For months, the general consensus in regards to the soybean market is that US inventories will undergo a dramatic transition from extremely tight inventories this summer to a potentially large surplus this fall.  As such, most everyone expected that prices would eventually move lower.  What took people (myself included) by surprise is how quickly this transition to lower prices is happening.  It is said that the soybean crop is made in August, yet new crop Chicago futures have already dropped $2.00 per bushel since late May.  A price bounce from here is certainly possible; however any rally is likely to be limited and short-lived.  As is the case with corn, the objective of producers should be to pull the trigger on soybeans before everybody else does.

Producers hoping for higher prices beyond harvest are betting that the South American crop will encounter problems this winter.  Current prices are at or below variable production costs in some areas of Brazil; however this does not mean that acres will be reduced.  Farmers in general don’t leave much land unplanted because they don’t like the price.  Producers in South America are just as likely to plant on hope and prayer as are producers here.  Inputs may be trimmed, but acres might actually increase again because soybeans are the cheapest crop to produce.

In Ontario, there are very few old crop beans left.  New crop on the other hand is a different story with Statistics Canada predicting that acres are up by 22% compared to last year.  The idea that there are 3.05 million acres planted is difficult to dispute.  Yields on the other hand are far less certain.  Stands are spotty due to late planting and too much rain in some areas.  August will be critical in terms of determining how big the crop will be.  Despite what could be a large crop, basis levels this fall will likely depend most on the rate of producer selling.  A big crop does not necessarily mean that it is for sale.  Will producers let go of sub $11.00 soybeans or will they tuck them away into the ample bin space left by a smaller corn crop?

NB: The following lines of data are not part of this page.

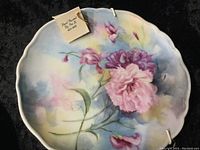 Full view of one hand painted plate with soft pastel background and detailed floral painting.
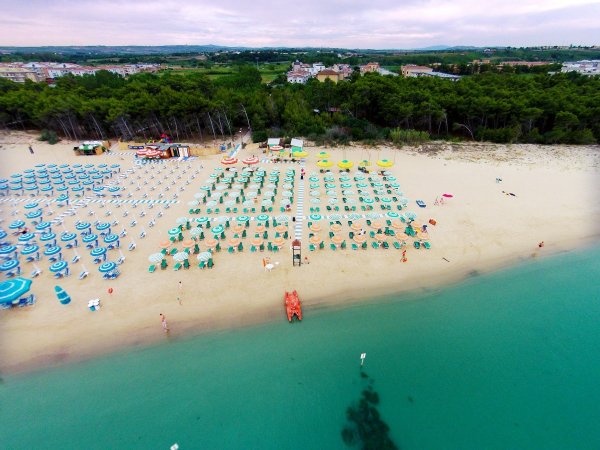 Spiaggia con ombrelloni colorati e acqua turchese.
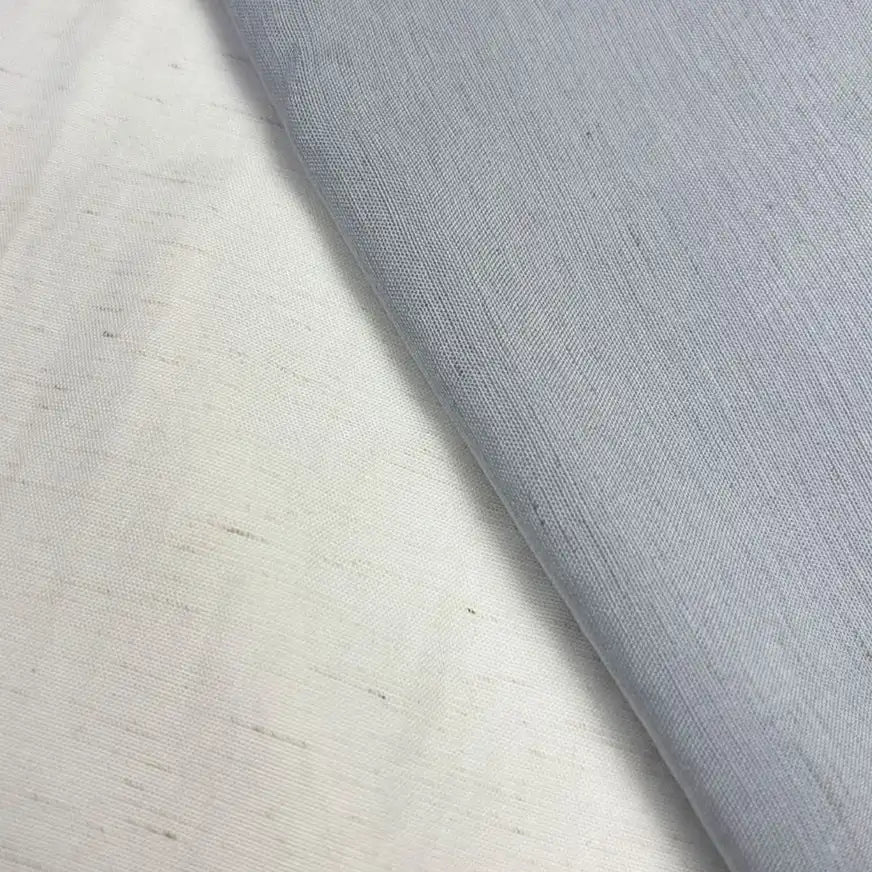 Close-up of two pieces of Longan Craft Solid Color Viscose Lyocell Fabric by the yard, one white and one light gray, with a visible seam. This smooth, breathable rayon-linen blend textile features a slightly textured, woven appearance.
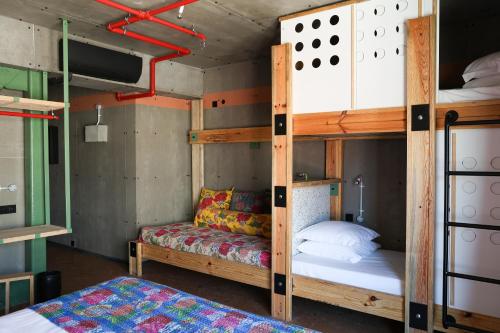 a room with two bunk beds and a bed at JAM Lisbon in Lisbon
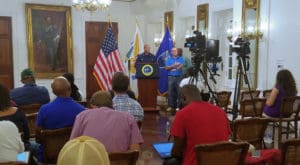 U.S. Surgeon General Dr. Jerome Adams addresses the media Thursday at Government House on St. Croix. (Jamie Leonard photo)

With harvest underway, the USDA has increased wheat production forecasts by 50 million bushels from last month.  Production of all wheat however is still expected to be 9% lower than last year and 14% lower compared to the 2012 crop.  Despite the relatively small crop this year, domestic usage is still only slightly more than 60% of production.  The other 40% of the crop needs to be exported into a well-supplied global marketplace that is seeing few crop stresses in the major growing regions.

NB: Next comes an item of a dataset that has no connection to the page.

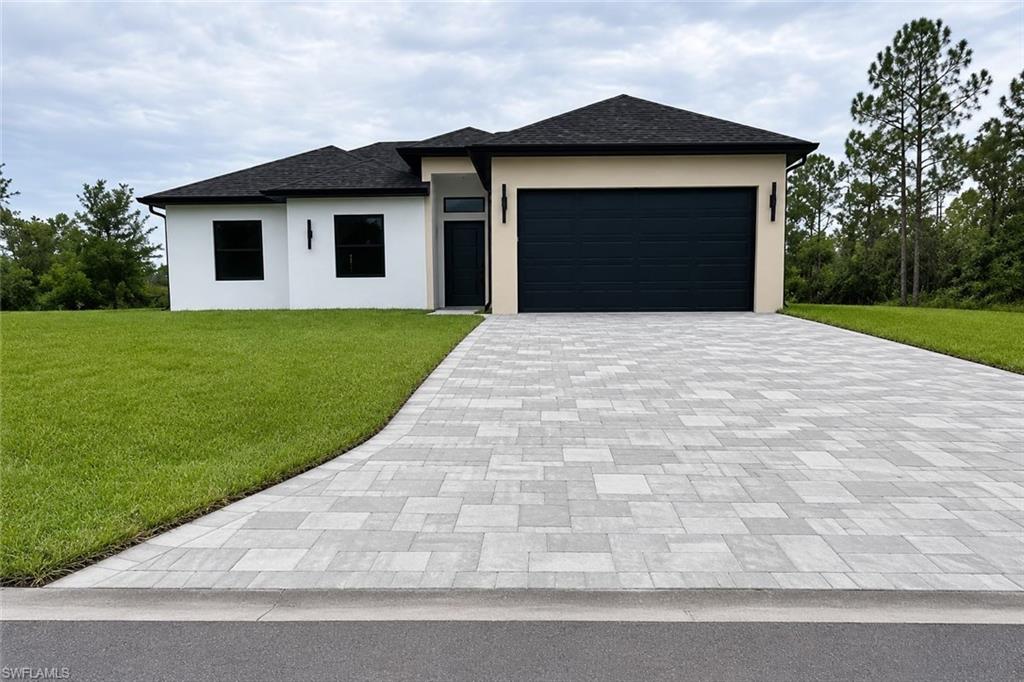 Welcome to this beautiful 3-bedroom, 2-bath home in the heart of Lehigh Acres, offering the perfect blend of comfort, style, and functionality. Designed with an open-concept floor plan, this home provides spacious living areas that flow seamlessly into the kitchen and dining spaces, making it ideal for entertaining or everyday living. Step outside to a large open lanai featuring a fully equipped outdoor kitchen, perfect for enjoying Florida’s year-round sunshine with family and friends. The fully fenced backyard offers privacy and plenty of space for pets, play, or future additions. This property includes a well water system with irrigation to help maintain the landscaping while reducing utility costs. Situated on a paved road, the home also features a two-car garage with a durable epoxy floor finish and an attractive paver-style block driveway that enhances curb appeal. Don’t miss this exceptional opportunity to own a move-in-ready Florida home that truly has it all!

Chicago wheat futures are roughly 50 cents per bushel cheaper than they were a month ago and more than $2.00 per bushel below the May high, but they are not yet cheap enough to spur demand.  Wheat prices in competitive markets have fallen in tandem with the US, meaning that alternative suppliers still have cheaper product on offer.

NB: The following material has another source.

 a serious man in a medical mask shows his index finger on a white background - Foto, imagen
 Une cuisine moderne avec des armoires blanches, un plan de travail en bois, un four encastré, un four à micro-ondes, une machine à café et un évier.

Political instability in the Ukraine is still being monitored by wheat traders, but instead of being considered a bullish factor, the market is now growing concerned about the potential for a flush of wheat soon to come out of the region.  Wheat sales out of the Ukraine have been understandably slow, but the crop is growing and will soon be harvested.  Rather than sit on this crop, the fear is that Ukrainians may look to export and turn it to cash in advance of any deterioration to the political situation and that they may look to do so at nearly any price.

The current premium of nearly $1.60 per bushel for Chicago wheat versus corn means that increased feeding of wheat cannot be considered a realistic expectation at this time.  Further weakness might be yet to come for the wheat market; however we are now closer to a bottom than we were one month ago.  All markets eventually bounce, and funds that are quite heavily short wheat could provide a spark to the market should they be forced to cover their positions. 

Wheat harvest is just starting to get underway in the far southwest of this province.  As of this writing, yield reports in Ontario have been scarce, but early reports out of Michigan and Ohio are running better than expected with good quality.  Hopefully this trend continues as harvest moves closer to home.